_Goal of the exercise_
Write out the data below exactly, from its first line to the line containing "Mascarilla hidroplástica arroz nacarado", that line included.

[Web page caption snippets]
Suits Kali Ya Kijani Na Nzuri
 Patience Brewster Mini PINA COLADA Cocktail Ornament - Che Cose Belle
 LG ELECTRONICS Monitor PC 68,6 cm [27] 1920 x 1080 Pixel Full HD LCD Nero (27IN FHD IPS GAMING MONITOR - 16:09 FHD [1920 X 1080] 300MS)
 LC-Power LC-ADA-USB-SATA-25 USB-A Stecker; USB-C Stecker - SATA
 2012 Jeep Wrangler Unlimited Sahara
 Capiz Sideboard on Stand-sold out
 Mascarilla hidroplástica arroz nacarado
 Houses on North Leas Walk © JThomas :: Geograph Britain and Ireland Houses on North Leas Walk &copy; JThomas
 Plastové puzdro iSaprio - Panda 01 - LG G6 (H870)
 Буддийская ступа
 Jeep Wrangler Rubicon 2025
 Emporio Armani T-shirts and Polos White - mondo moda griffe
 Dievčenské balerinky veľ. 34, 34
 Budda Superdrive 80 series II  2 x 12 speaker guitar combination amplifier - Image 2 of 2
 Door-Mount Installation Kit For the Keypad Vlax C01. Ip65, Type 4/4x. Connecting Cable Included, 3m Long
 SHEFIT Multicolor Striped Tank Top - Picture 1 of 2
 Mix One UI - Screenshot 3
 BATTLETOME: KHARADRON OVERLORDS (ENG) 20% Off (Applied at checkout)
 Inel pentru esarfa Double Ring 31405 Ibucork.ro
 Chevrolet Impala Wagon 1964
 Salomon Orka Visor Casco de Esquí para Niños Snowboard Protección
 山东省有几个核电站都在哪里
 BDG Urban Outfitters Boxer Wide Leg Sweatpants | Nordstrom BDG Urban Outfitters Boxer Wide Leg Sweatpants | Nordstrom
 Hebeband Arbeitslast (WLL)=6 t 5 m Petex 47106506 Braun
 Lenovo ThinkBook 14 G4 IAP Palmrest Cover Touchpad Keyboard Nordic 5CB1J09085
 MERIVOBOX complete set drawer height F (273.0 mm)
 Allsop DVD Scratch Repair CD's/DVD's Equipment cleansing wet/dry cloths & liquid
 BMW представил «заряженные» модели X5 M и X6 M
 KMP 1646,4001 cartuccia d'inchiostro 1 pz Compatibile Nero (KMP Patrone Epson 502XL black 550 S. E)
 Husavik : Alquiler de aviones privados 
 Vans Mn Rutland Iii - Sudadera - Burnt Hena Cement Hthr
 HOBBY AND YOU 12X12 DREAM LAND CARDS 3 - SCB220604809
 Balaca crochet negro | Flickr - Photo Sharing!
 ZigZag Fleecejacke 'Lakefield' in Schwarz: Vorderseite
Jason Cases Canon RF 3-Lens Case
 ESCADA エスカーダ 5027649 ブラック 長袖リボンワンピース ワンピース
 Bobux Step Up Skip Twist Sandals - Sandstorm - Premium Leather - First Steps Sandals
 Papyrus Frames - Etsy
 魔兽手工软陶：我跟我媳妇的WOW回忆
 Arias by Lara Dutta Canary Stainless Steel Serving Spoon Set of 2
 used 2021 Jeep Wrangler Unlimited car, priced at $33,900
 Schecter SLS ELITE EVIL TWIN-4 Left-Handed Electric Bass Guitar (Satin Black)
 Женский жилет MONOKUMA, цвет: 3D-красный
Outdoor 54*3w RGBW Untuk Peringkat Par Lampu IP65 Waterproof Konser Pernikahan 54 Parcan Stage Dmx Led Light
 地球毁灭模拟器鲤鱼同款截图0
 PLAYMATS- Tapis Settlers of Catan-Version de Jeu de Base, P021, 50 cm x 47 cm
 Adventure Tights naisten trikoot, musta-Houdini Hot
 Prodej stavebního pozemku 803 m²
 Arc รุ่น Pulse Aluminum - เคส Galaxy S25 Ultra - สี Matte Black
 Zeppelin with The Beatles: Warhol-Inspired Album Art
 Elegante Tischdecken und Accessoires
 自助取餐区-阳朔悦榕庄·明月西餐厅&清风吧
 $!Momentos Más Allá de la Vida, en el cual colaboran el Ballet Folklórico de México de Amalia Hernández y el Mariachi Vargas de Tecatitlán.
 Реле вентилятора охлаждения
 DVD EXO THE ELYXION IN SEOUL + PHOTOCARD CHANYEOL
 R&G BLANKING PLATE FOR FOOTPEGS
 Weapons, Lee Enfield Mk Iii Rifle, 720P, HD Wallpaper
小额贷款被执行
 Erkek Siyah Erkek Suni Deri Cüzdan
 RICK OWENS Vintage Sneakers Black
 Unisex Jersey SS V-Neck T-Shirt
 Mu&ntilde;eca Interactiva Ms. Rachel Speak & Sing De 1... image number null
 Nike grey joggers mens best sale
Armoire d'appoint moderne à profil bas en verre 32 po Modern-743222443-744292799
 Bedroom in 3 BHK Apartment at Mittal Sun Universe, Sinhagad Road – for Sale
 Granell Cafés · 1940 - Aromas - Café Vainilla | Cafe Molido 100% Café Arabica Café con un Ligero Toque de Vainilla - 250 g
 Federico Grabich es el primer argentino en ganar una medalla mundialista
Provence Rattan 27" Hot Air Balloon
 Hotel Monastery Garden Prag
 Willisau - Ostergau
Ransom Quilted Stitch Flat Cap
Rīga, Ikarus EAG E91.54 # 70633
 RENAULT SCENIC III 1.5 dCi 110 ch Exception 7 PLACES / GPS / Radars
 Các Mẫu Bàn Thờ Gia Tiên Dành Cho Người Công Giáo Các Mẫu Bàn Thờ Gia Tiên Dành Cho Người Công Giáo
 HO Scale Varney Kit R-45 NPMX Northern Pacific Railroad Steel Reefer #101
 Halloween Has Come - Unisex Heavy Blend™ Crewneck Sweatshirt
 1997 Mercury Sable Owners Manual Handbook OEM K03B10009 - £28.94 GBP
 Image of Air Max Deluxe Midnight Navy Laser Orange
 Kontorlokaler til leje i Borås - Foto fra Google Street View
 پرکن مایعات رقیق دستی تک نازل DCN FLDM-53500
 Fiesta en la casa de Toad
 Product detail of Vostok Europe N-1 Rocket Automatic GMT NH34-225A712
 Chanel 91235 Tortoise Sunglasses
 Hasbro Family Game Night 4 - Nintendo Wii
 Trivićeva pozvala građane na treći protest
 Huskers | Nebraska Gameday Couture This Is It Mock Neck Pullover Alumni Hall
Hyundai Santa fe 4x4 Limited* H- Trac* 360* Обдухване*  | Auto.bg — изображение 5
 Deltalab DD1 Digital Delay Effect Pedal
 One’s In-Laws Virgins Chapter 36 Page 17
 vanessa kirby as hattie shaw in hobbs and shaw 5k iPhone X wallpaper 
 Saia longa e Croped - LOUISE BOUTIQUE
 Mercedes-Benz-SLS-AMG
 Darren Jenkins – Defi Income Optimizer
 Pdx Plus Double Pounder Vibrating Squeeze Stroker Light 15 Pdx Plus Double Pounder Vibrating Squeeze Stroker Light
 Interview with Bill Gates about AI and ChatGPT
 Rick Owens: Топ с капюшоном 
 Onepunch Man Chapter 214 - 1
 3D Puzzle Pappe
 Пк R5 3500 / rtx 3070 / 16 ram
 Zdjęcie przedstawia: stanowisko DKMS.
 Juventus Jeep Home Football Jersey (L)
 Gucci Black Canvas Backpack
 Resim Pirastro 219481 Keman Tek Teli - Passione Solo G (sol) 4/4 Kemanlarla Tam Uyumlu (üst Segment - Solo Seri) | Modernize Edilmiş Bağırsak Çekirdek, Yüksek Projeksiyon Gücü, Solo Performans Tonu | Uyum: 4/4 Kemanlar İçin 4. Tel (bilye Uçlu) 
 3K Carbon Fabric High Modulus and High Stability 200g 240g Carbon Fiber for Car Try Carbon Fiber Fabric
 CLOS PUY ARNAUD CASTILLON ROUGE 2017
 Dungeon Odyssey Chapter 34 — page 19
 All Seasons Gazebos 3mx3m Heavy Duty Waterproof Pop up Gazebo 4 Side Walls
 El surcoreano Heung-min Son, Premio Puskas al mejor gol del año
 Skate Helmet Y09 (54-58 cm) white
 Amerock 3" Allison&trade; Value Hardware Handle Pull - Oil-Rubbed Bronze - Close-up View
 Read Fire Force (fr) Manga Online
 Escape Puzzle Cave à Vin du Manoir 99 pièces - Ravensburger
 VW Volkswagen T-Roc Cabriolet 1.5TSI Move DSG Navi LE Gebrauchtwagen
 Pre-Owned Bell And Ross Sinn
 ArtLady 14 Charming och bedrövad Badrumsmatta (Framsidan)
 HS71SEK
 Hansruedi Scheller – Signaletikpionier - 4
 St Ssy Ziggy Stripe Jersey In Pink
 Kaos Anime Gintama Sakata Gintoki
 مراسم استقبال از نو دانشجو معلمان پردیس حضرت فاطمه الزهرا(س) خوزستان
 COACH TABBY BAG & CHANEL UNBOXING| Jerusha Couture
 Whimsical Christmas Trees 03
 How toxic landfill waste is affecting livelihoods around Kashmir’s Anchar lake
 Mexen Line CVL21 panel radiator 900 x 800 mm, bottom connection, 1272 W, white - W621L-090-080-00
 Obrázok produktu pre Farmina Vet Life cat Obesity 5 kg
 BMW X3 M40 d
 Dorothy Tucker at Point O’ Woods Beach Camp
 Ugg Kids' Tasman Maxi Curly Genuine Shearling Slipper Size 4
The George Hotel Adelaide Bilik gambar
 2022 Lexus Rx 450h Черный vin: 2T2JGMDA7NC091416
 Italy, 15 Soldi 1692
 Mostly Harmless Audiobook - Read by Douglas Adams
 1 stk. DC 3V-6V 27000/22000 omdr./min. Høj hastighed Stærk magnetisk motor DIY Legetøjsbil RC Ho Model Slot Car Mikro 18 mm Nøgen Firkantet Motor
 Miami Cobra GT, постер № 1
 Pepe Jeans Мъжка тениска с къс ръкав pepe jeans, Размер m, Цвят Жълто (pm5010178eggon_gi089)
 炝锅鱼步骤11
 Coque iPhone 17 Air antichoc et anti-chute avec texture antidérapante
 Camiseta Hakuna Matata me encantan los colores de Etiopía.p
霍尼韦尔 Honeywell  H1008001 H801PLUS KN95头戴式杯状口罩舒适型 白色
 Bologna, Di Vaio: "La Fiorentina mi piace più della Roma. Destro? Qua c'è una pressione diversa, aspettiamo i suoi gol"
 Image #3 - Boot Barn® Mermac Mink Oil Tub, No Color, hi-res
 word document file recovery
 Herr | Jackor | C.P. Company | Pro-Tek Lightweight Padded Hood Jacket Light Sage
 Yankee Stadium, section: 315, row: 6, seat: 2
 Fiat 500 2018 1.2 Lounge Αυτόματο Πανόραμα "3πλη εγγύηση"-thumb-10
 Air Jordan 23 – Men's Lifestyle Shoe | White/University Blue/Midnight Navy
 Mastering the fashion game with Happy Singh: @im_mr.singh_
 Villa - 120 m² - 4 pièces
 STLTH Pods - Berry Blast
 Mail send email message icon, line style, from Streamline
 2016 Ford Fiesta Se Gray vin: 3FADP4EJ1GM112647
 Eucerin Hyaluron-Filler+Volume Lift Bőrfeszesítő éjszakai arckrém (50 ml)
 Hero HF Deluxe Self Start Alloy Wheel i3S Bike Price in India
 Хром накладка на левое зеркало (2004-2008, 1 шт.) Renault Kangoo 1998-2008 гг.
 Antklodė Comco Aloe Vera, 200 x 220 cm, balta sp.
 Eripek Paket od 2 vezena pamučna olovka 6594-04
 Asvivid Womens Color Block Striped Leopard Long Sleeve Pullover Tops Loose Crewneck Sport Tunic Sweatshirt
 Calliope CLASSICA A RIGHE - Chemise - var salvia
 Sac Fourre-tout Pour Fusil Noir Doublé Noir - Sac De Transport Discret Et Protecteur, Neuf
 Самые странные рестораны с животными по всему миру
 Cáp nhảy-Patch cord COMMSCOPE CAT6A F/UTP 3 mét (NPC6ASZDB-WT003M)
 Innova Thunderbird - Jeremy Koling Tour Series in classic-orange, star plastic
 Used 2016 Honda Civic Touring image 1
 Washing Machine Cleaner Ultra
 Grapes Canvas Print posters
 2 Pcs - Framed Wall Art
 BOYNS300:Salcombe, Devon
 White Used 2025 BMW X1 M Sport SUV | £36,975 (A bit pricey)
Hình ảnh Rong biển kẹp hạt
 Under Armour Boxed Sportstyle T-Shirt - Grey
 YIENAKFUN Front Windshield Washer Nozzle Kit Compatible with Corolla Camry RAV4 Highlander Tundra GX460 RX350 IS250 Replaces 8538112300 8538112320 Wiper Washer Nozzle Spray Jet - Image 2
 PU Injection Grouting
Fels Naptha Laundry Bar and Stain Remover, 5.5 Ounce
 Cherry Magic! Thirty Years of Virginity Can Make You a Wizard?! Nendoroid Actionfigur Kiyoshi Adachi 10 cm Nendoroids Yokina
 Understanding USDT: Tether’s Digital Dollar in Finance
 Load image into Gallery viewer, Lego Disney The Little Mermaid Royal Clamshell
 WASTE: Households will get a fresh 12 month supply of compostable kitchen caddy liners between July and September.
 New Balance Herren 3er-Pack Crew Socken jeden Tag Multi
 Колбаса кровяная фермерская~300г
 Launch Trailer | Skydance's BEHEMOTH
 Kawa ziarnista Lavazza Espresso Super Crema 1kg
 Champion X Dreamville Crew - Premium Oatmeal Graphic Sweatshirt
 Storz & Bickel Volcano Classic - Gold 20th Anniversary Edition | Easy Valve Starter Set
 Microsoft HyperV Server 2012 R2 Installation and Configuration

_Written answer_
Suits Kali Ya Kijani Na Nzuri
 Patience Brewster Mini PINA COLADA Cocktail Ornament - Che Cose Belle
 LG ELECTRONICS Monitor PC 68,6 cm [27] 1920 x 1080 Pixel Full HD LCD Nero (27IN FHD IPS GAMING MONITOR - 16:09 FHD [1920 X 1080] 300MS)
 LC-Power LC-ADA-USB-SATA-25 USB-A Stecker; USB-C Stecker - SATA
 2012 Jeep Wrangler Unlimited Sahara
 Capiz Sideboard on Stand-sold out
 Mascarilla hidroplástica arroz nacarado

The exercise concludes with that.